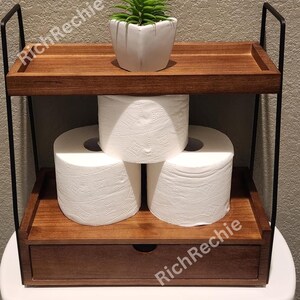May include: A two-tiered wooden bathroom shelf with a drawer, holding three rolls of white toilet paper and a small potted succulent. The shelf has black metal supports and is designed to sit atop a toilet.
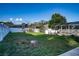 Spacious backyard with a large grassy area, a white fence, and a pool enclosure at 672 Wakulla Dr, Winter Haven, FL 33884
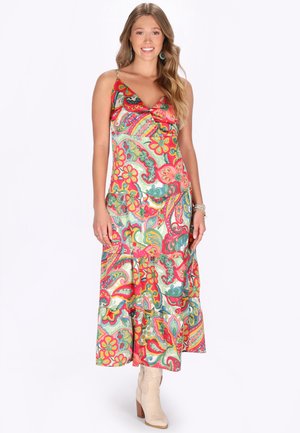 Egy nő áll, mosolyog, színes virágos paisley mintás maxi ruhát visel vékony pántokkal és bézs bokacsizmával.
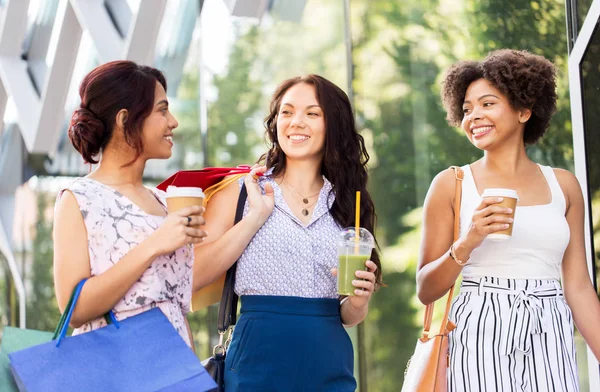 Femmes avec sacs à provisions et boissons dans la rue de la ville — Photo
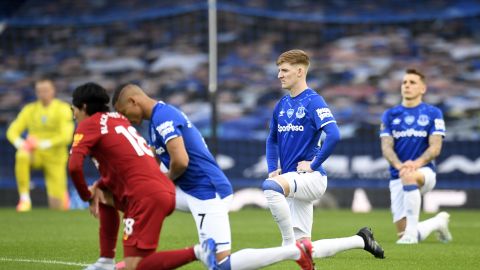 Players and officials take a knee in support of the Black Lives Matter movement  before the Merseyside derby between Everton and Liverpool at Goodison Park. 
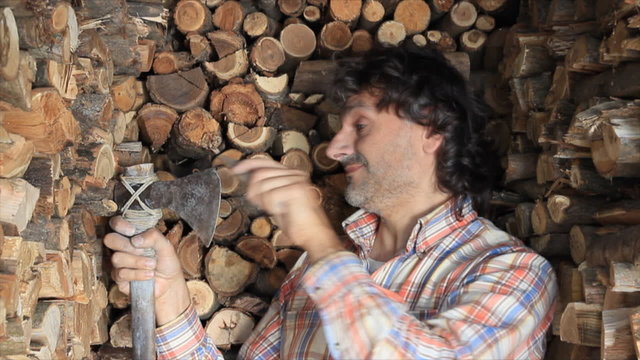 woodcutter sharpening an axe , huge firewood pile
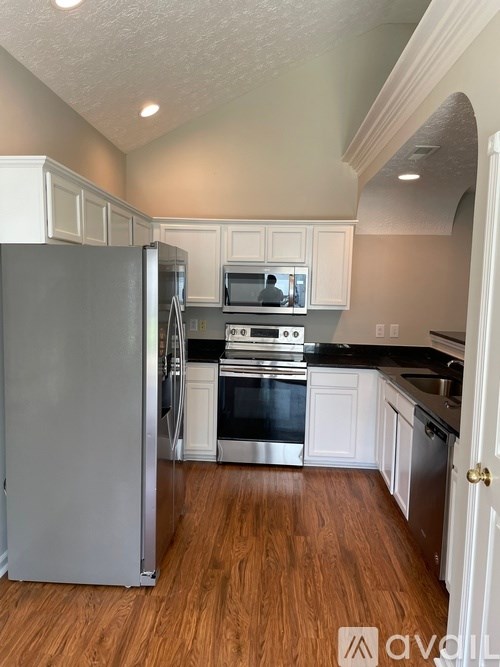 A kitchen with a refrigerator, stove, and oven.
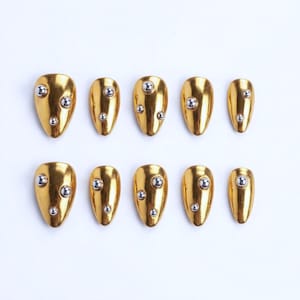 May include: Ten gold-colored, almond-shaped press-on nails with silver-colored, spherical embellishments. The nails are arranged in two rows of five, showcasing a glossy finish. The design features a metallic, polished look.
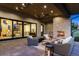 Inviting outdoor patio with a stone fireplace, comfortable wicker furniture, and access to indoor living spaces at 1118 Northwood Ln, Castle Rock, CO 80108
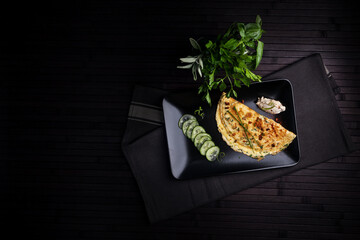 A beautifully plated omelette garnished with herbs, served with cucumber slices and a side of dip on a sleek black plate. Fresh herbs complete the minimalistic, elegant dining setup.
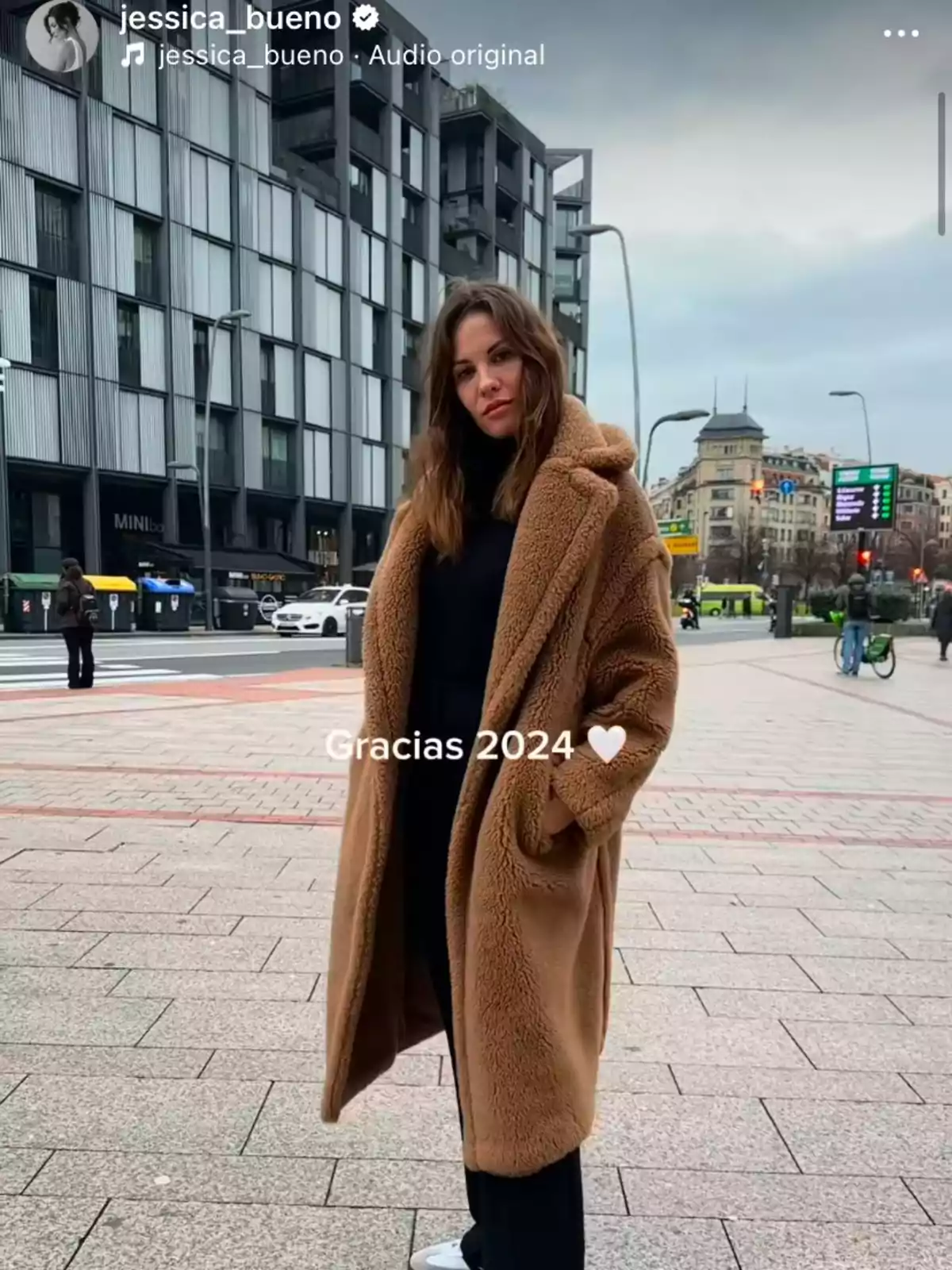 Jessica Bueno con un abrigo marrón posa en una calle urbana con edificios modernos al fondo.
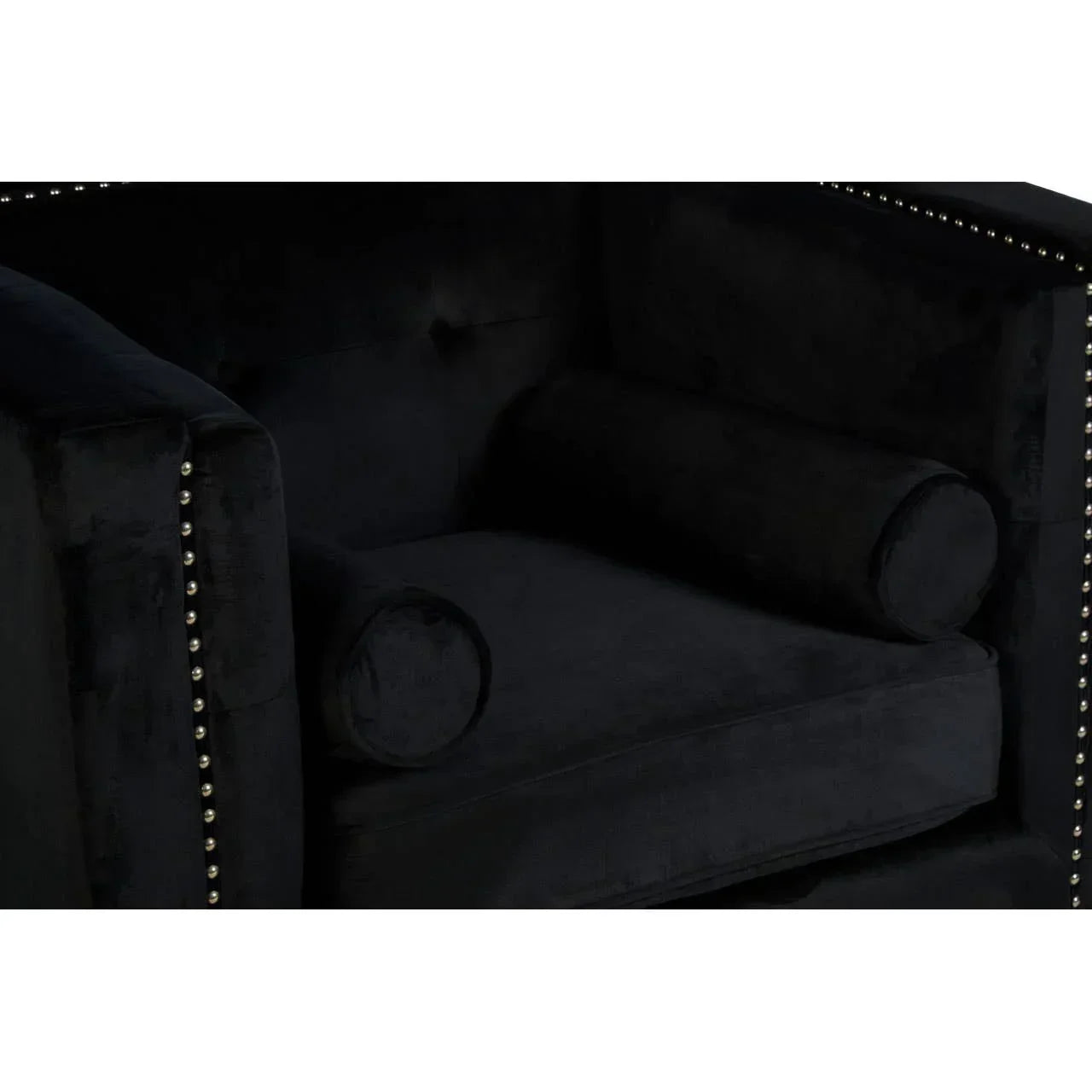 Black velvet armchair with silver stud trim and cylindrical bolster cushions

____

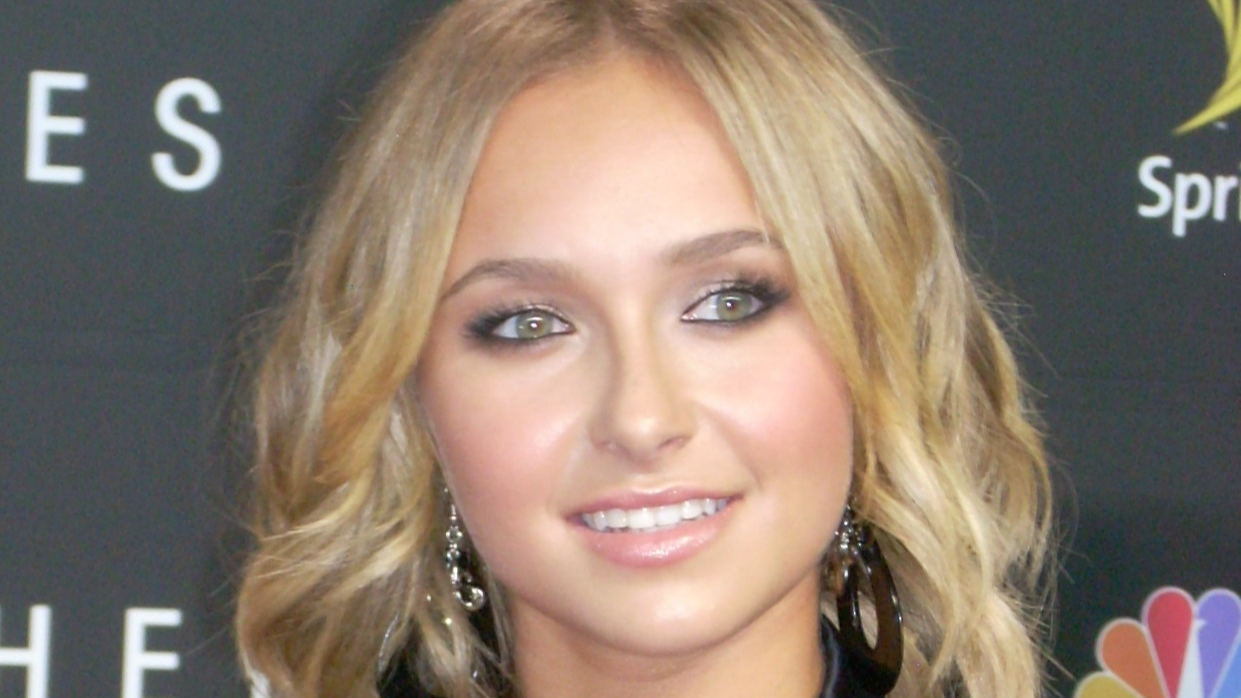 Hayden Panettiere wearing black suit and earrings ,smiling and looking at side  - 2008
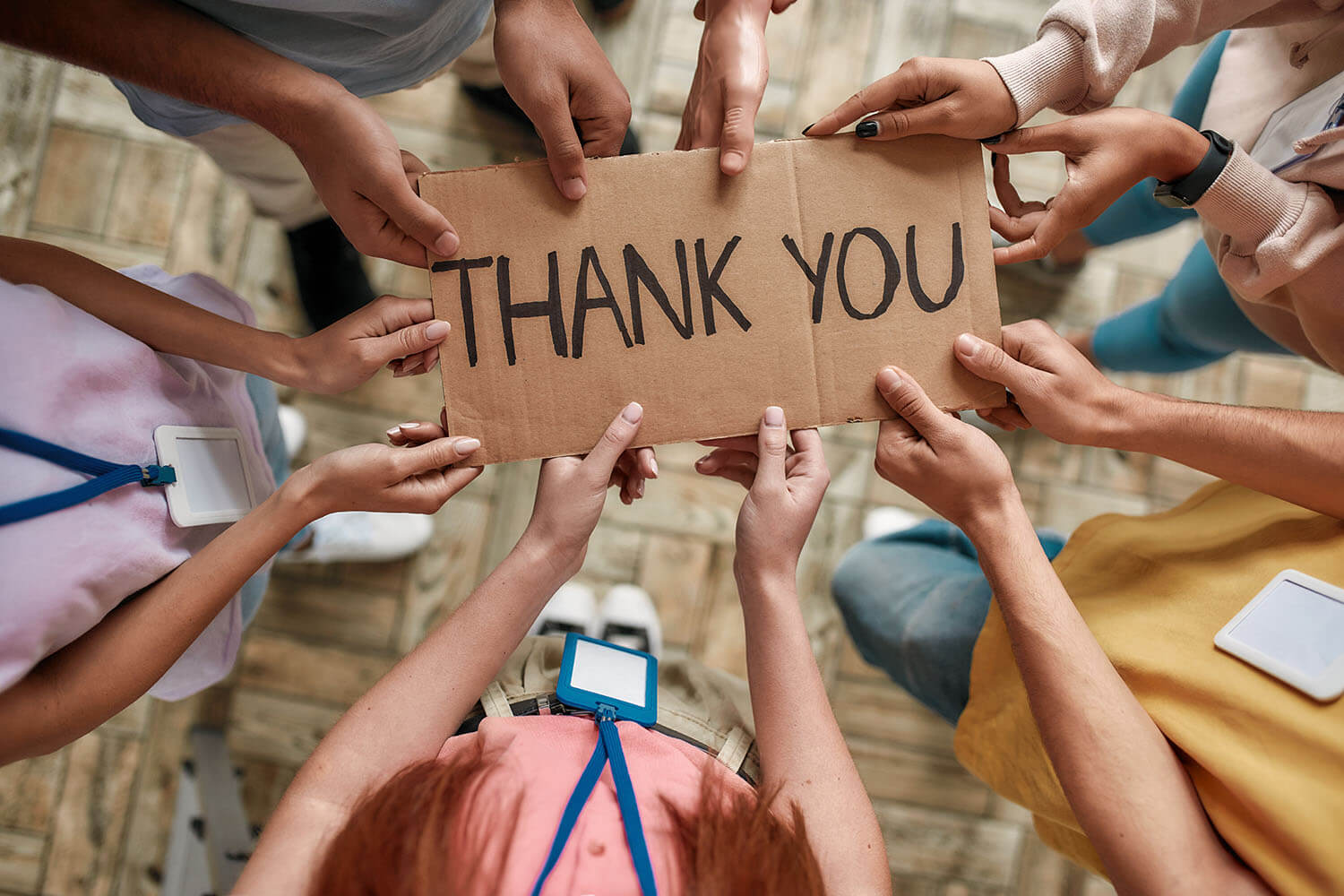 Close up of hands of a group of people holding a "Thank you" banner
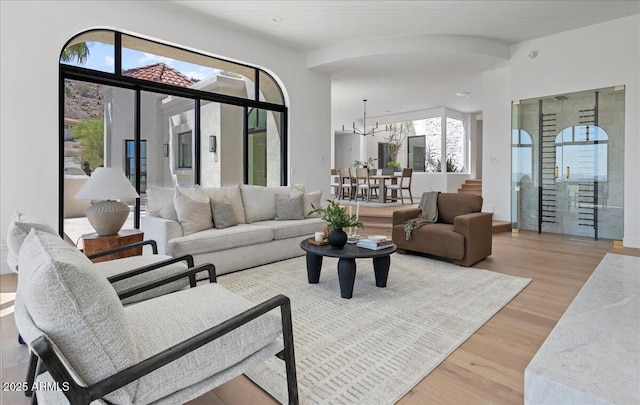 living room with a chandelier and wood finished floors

____

Exercise requirements:
Pictures excluded, transcribe the listing above exactly from the line with "Close up of" through the line with "living room with", and no further.

Result:
 Close up of hands of a group of people holding a "Thank you" banner
 living room with a chandelier and wood finished floors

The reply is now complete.